All resources inherits from the generic resource type and can therefore be partially manipulated by using this resource type. Otherwise, resource types with more attributes are provided such as instance to create more complete resources.

All resources types are builtin within Gnocchi in order to be more performant. If a resource type needs to be indexed but is not known to Ceilometer, one can relies on the generic resource type and manage the attributes of the resource is another system, per user discretion.

The resource type known by Gnocchi will be the resource types provided by OpenStack, e.g. instance, port, network, volume, etc.

Security impact

Usual Keystone token-based authN and RBAC-based authZ.

No security mechanism is proposed to access entities. As the entities UUID are dynamically and randomly allocated, one has to know the UUID of that entity to access it. It can therefore be considered as a secret.

Access to the resources can be filtered based on the user_id and project_id fields that are stored and mandatory attributes. That’s the same mechanism currently used in Ceilometer API v2.

Pipeline impact

The publishing mechanism will need to be adapted to that new model, as resources needs to be created before they can be metered. Another blueprint should cover this topic.

Other end user impact

The ceilometerclient will need to be extended to support both the old and new APIs to that also.
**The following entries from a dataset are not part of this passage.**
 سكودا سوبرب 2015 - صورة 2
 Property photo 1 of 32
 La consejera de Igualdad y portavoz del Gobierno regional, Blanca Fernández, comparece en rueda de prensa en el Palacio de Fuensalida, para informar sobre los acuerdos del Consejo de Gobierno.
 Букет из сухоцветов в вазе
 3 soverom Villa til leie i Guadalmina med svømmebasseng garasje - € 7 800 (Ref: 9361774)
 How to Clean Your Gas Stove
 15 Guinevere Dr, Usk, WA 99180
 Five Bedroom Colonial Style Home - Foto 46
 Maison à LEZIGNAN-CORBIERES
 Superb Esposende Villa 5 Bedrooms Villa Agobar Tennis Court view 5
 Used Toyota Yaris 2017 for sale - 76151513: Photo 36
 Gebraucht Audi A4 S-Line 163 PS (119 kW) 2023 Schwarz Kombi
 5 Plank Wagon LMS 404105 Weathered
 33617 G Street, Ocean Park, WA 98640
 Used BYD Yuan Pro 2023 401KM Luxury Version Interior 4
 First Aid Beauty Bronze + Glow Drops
Performance/Scalability Impacts

The scalability and performances of this new system should be drastically better than the old one.

Having real benchmarks of this system would also be interesting.

Other deployer impact

None

Developer impact

It’s likely that the API v2 of Ceilometer should be frozen and that no further improvements should be made at this stage.

Implementation

Assignee(s)

Primary assignee:
  • jdanjou
Other contributors:
  • sileht
  • dbelova
Ongoing maintainer:
  • jdanjou

Work Items

  • Build the Gnocchi service and API
  • Adjust Ceilometer data retrieval and publishing as needed to adapt to the new data storage and API
  • Make things work together

Future lifecycle

This will be a core component of Ceilometer, so everyone is going to take care of that, me included.

Dependencies

  • Canonical implementation of the storage driver requires Pandas and Swift.
  • Alternative statistical/storage driver(s) with different dependencies may also be provided in time.

Testing

Unit tests are provided.

Tempest tests should be added to cover the new API. A variant of the v2 tests running with v3 mechanism enabled is a possibility.

Documentation Impact

We must document the new API. There is currently no mechanism to auto-generate the API documentation, though it should be doable and interesting to do so.